Now, if you managed to read through the first paragraph, I believe I have painted a very accurate picture of why you shouldn’t mess with hippos. They will literally bite your head off and not even eat it.
So, when I came across this video from, what people are referring to as Delhi zoo, I watched it with dread.
A hippo that had managed to sneak out of its penn was slapped a bunch of times by a security guard.
Redditors have since been going crazy looking at the video.
Yeah they look cute but in reality they are among the most dangerous animal on earth.
This hippo looked like it was fucking around a bit.
You just gota slap them back.
Had a buddy in college who was from S. Africa. I asked him once if he was ever scared of getting eaten by lions and he said no…but I’m absolutely terrified of hippos. My ignorant ass thought he was joking.
Holy christ. Can you even imagine being able to say you fucking slapped a hippo, multiple times? I wonder if he has any idea how unbelievably dangerous that was. If we were playing the worst game of Would you Rather and my choices were this or Russian Roulette….that would be kind of an easy decision.
About 500 people a year are killed by hippos in Africa. They are not cuddly.
The people behind him don’t understand how much a hippo is dangerous: these animals are fast despite their weigh, they can run faster than a human and with a single bite they can tear you apart.
Also Children’s media makes them come off as bumbling but cute herbivores. Why the fuck would we lie to children like that.
I think this guy must either be trained on Hippo submission or his balls are clanging.
I read a poem in a children’s book when I was little and I’ve had a healthy fear of them ever since. “Don’t fall in, Don’t fall in To the hippos grin. The hippos grin Is not so funny Once seen inside A hippos tummy.”
Don’t mention how they can spray shit out off their ass-sprinkler.
Yeah but does the guard? Like he walks by and “omg surprise hippo, I know I’ll give him a little smack on da face, that will take care of him” That thing was an actual hungry hungry hippo Super cute flippy ears though when he decided not to eat the guard.

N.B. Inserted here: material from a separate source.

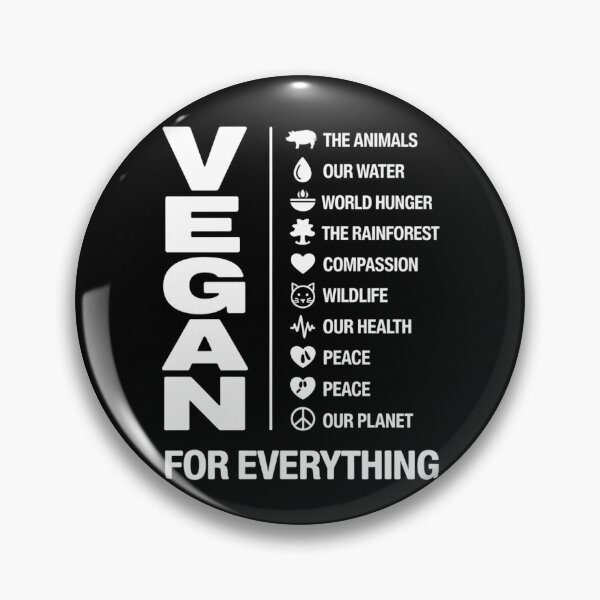 Item preview, Powerful VeganLifestyle Quote – Vegan for Everything Design designed and sold by Gogetgiggles.
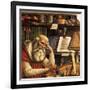 Saint Jerome in His Study (Detail), 1480-Domenico Ghirlandaio-Framed Giclee Print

Man, I bet this hippo is blasted off his keister on serious hippo drugs, top-of-the-line hippo narcotics to keep his hippo ass guzzling back pond water and algae peacefully. edit: downvotes? Africa’s third-deadliest and most territorially aggressive animal being held, and you think he isn’t drugged tf up? You think this zoo keeps the hippo happy with herbivore pellets and alfalfa sprouts, and that’s why it has dropped the natural tendency to charge anything in its territory and destroy the invader with the #5 strongest jaws on the planet? Sorry you didn’t like to read this, downvoters, but that hippo isn’t gaping around in catatonia because it’s really happy with all the alfalfa
Look, the comments are funny and the video is amazing because nobody’s died or dismembered beyond recognition but don’t fall for it. If you ever see a hippo, firstly, where the F are you and second, RUN!